A currency is a technical ‘solution’ to a societal problem. But the point is that there is no single ‘solution’ to a wicked-problem – they cannot be solved in the same sense that, say, a mathematical equation or a crossword-puzzle can be solved. Yet that’s exactly what a currency purports to do, and in fact must do if it is to succeed in practice: namely ‘solve’ every facet of the wicked-problem of resource-management in a highly-complex social context. It promises to provide a means to control ‘double-entry life-keeping’ in every aspect of everyone’s life, not just in the present but indefinitely into the future: an aim and assertion which, given that this is a wicked-problem, is patently absurd in practice. Which is one of the core reasons why a currency cannot work: not just a specific currency, but any currency.
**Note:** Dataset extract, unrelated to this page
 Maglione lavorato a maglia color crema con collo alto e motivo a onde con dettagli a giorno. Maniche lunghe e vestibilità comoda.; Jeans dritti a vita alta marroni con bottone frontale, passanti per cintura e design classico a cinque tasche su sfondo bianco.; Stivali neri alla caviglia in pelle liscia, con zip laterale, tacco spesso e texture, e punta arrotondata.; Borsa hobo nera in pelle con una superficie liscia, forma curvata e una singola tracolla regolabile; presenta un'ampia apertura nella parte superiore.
In wicked-problems, the main purpose of ‘solutions’ is to provide some kind of working-anchor, in order to trigger responses from the real-world context so as to aid understanding: if we assume that a currency or whatever is ‘the solution’, we actually prevent further understanding of the (wicked)-problem from taking place. Worse, as above, the ‘solution’ requires that the real-world must distort itself to fit the expectations of the ‘solution’, which is then taken as ‘proof’ that the solution itself is correct – otherwise known as circular-reasoning. This is not a good approach to use when attempting to tackle a wicked-problem…
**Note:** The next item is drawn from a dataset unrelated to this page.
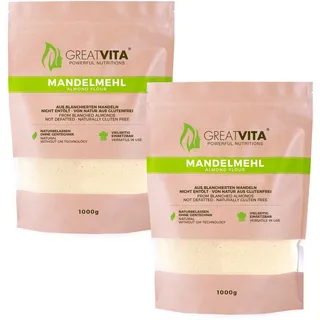 GreatVita 2x1kg Mandelmehl fein gemahlen, aus blanchierten Mandeln naturbelassen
Yet the core failure of the concept of currency goes deeper than this.

To make sense of this, we need look past the filter that each type of currency represents, and instead explore what that whole category of currencies is a solution for. If we do that, working deeper at each step, what we come to is this:

  • a currency represents rights to societal resources
  • the resources must be exchangeable resources – resources that can be linked to and valued in terms of the currency, that are considered to be ‘held by right’ by an individual or collective, and that is capable of being transferred to another individual or collective in an identifiable and meaningful fashion
  • (this type of model assumes that we may safely ignore any ‘non-exchangeable assets’ such as relationships or feelings, or ‘non-possessable’ resources such as time itself – note that this is an assumption which, within this model itself, it is impossible to test or prove)
  • simple point-to-point exchanges (barter) require that each side of the transaction has an exchangeable resource that the other would value
  • the currency is a form of token and metric agreed and accepted across the whole of a social context, which can be used as an intermediate abstract ‘exchangeable resource’, and that can therefore bypass the barter-requirement that transactions may only be point-to-point direct exchange, enabling indirect exchange
  • in some forms of currency, the ‘rights’ represented by the currency may be stored and aggregated as capital

Other than the questionable assumptions about ‘non-exchangeable’ and ‘non-possessable’ resources, that might all seem fair enough so far – except that we then walk straight into the morass of methods by which the structure may be ‘gamed’. The classic example is scarcity being used to push up a purported ‘value’ of a resource, leading to artificial manufacture of purported ‘scarcity’ in order to game the value. Printing money is the inverse of this: in effect, it dilutes the value of every other item of that currency. But in each case, the key point is that the currency represents purported rights to resources, which in turn rest upon a core concept of right of possession.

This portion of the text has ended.